We should all have such problems, I can just hear the writers in my audience saying. Success, fame and fortune? Bring it on!

I was already thinking about issues of art and fame because I recently rewatched the movie Stardust Memories, which is about all the glop that accumulates around a successful artist. Stardust Memories makes fame look like a constant hassle, and the main character's art (film, in this case) is getting buried beneath a mountain of corporate baloney, criticism (especially from those who want to pigeonhole him, who want his new films to be just like his previous films), and personal problems.
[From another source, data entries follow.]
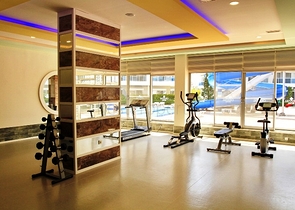 تصاميم مختلفة - دوبلكس غرفتين وصالة ضمن مجمع خمس نجوم في اوبا / الانيا 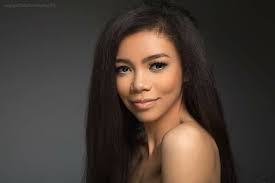 Victoria Ingram's Instagram, Twitter & Facebook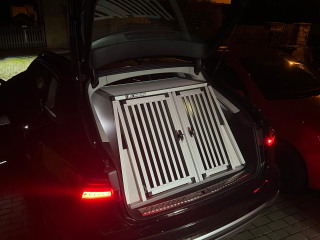 Box4Dogs přepravní klec do auta - AUDI A6 2023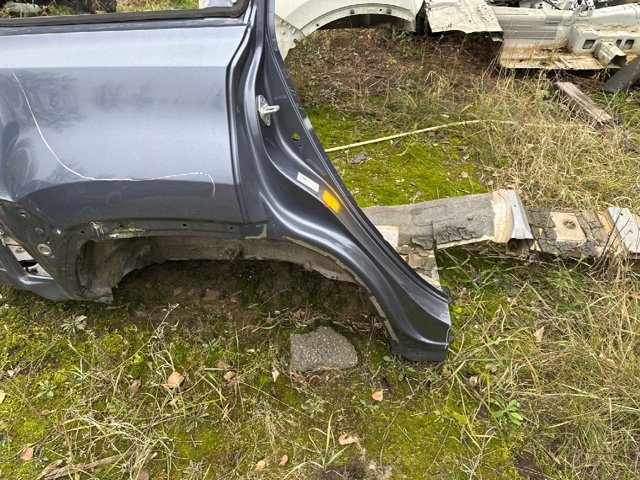Бічна частина задні праві 616110E080 TOYOTA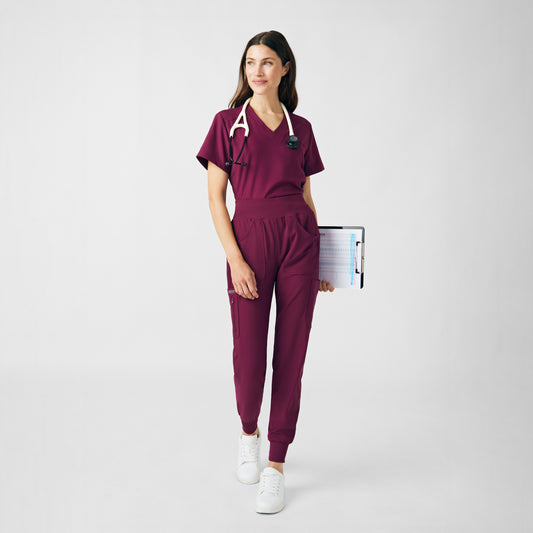 Forward 2-Pocket V-Neck Top | Wine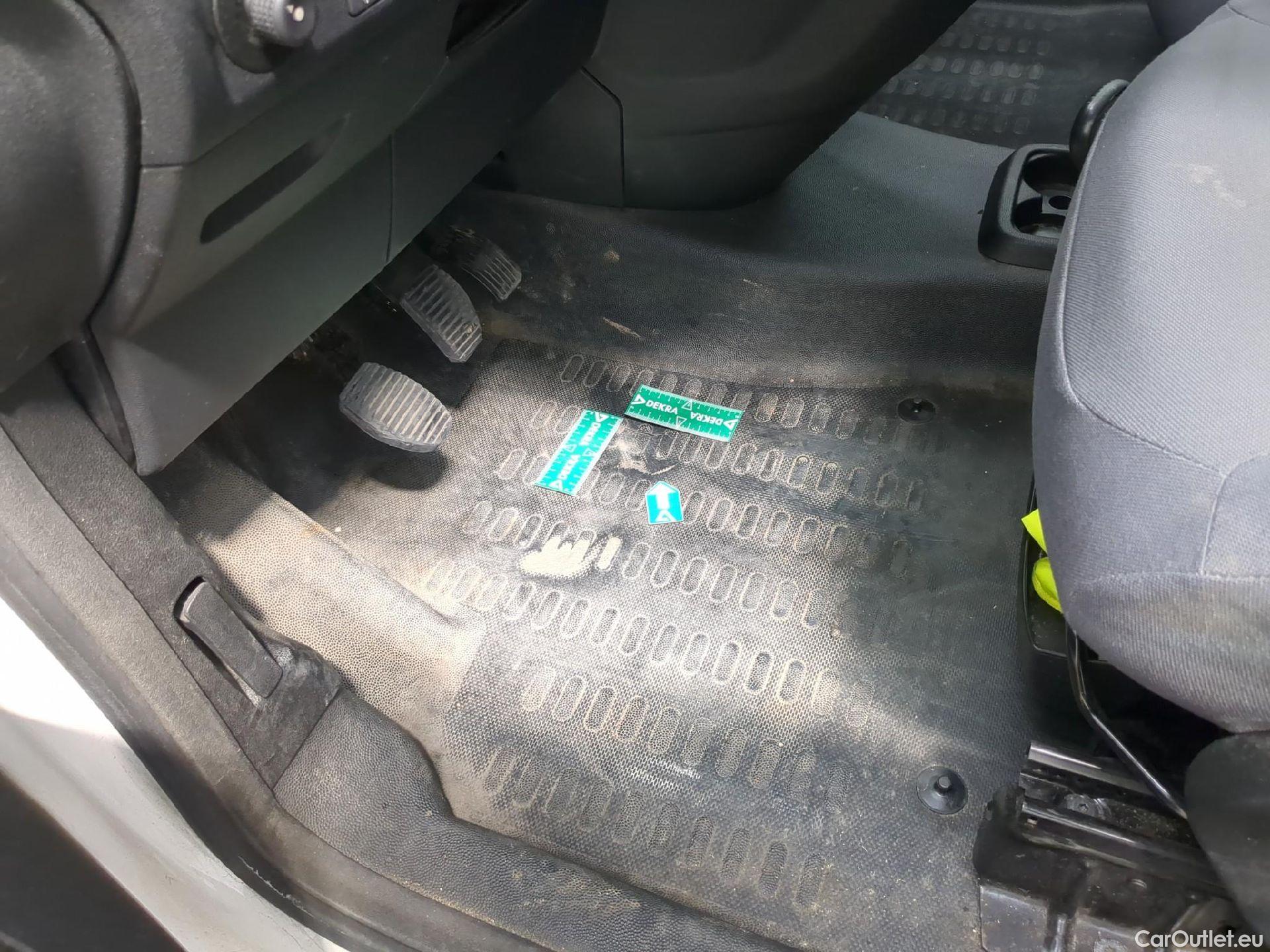  Citroen  Berlingo  Fourgon Club L1 (Court) 1.6 BlueHDi 75CV BVM5 E6 / FREINS HS + FUITE D'HUILE
 #21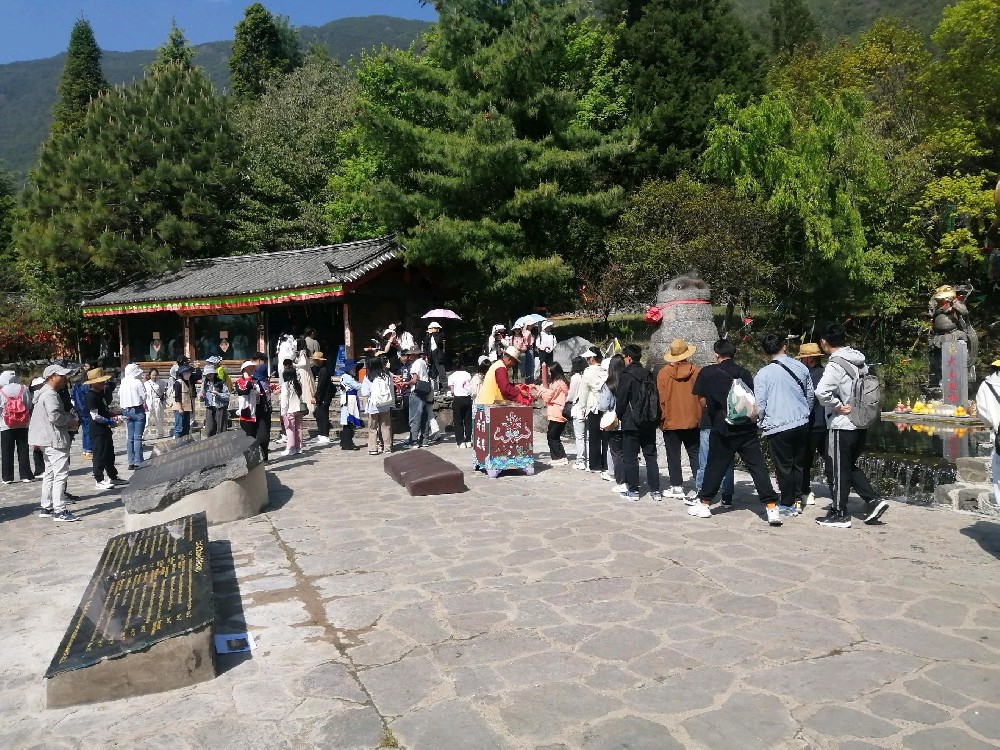 曲靖师院学生到玉水寨景区参观交流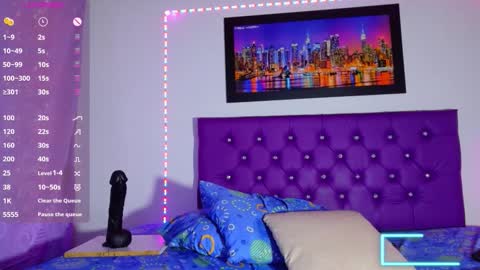 Snapshot of ebony_neighbormoans chatting on January 6, 6:39 am LINA online show from January 6, 6:39 am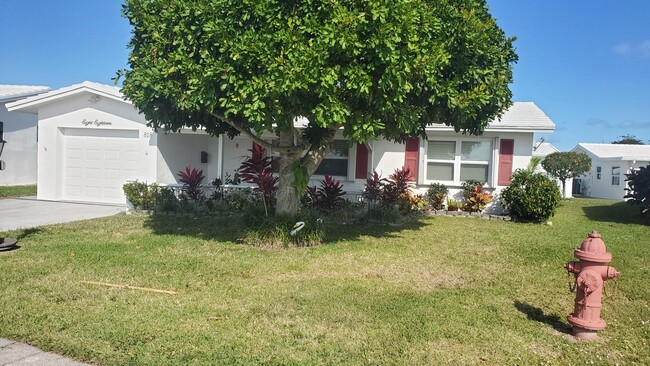 property at 818 SW 18th Ct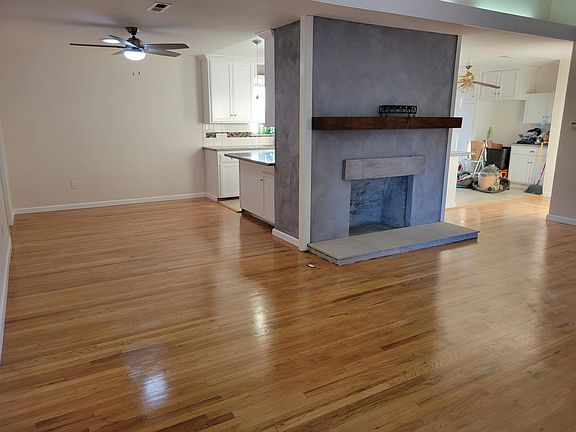 2nd image of 1426 Teton Dr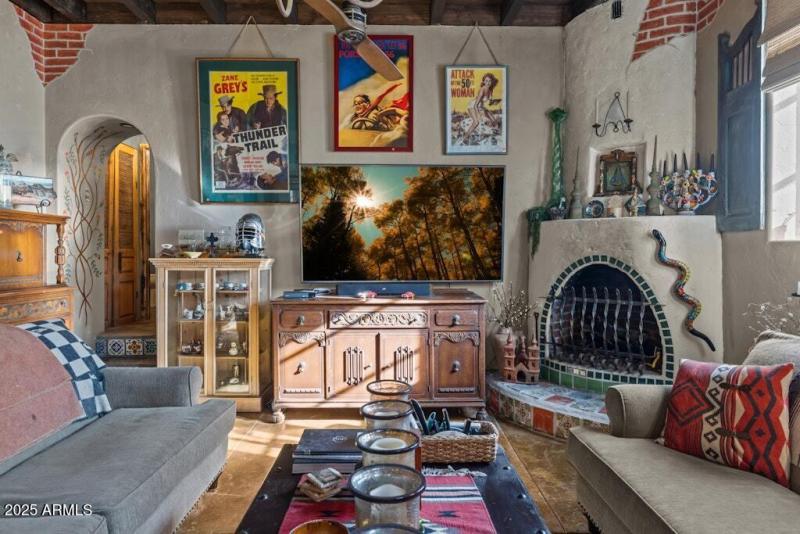 Jonas - Daytime Bisbee (110)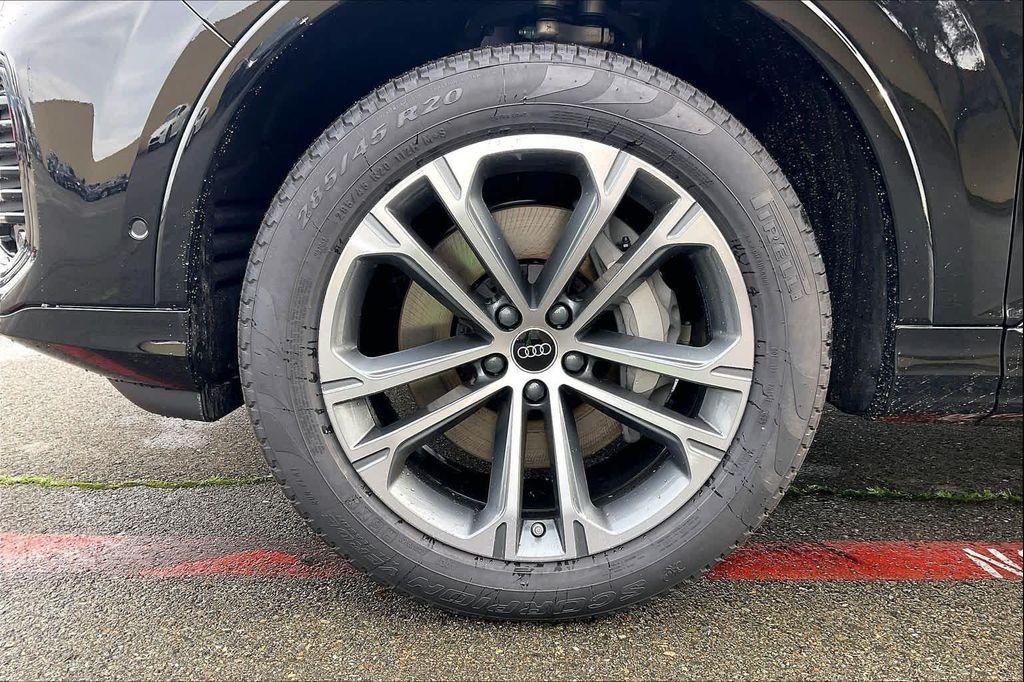 new 2026 Audi Q7 car, priced at $66,190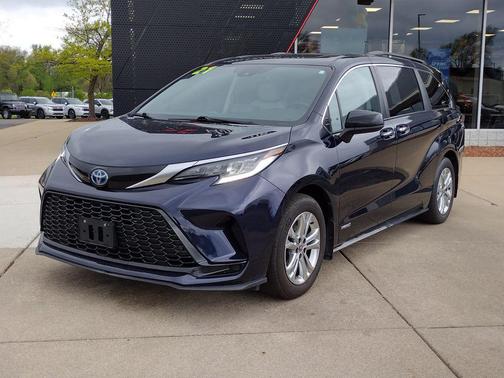 Blueprint 2021 Toyota Sienna XSE 7 Passenger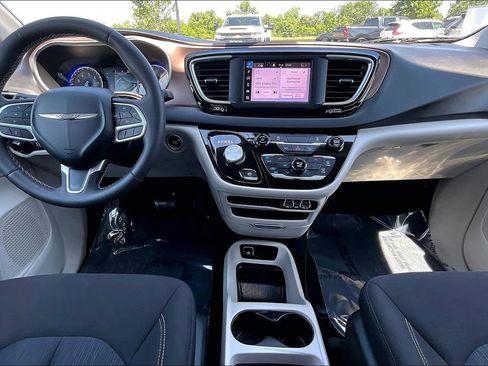 Used 2024 Chrysler Voyager LX FWD image 9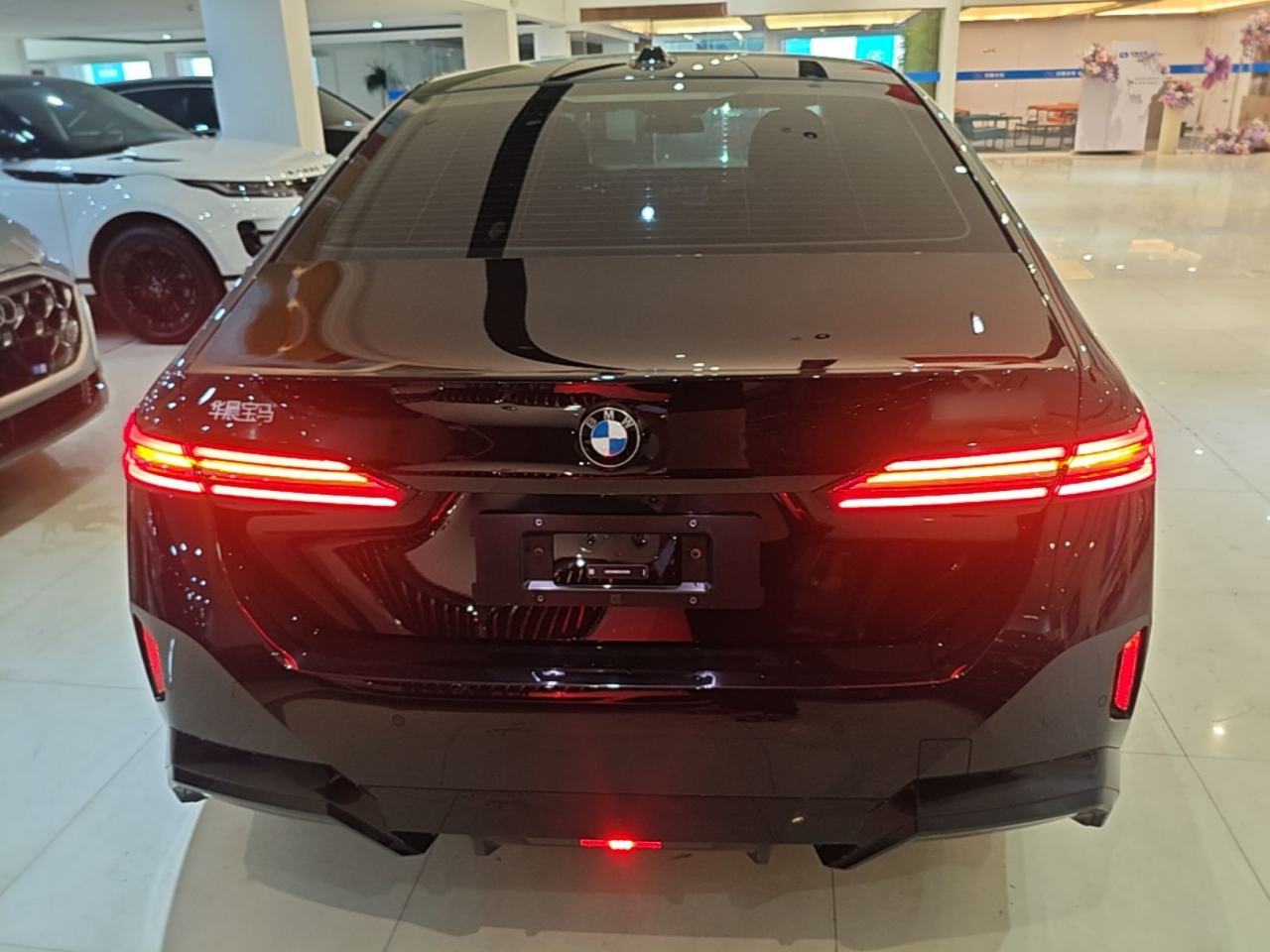 BMW 5-Series - фото 4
And somehow Stardust Memories manages to carry this off without making the main character repellent. Every time he slides into self-indulgence, one of the other characters delivers a snappy, often funny line that lifts the scene. Sometimes the main character even accomplishes this himself, as when he imagines a space alien telling him, in the voice of all his critics, that if he really wants to make a difference in the world, he should stop with all the gloomy pondering about mortality and "'Tell funnier jokes.'"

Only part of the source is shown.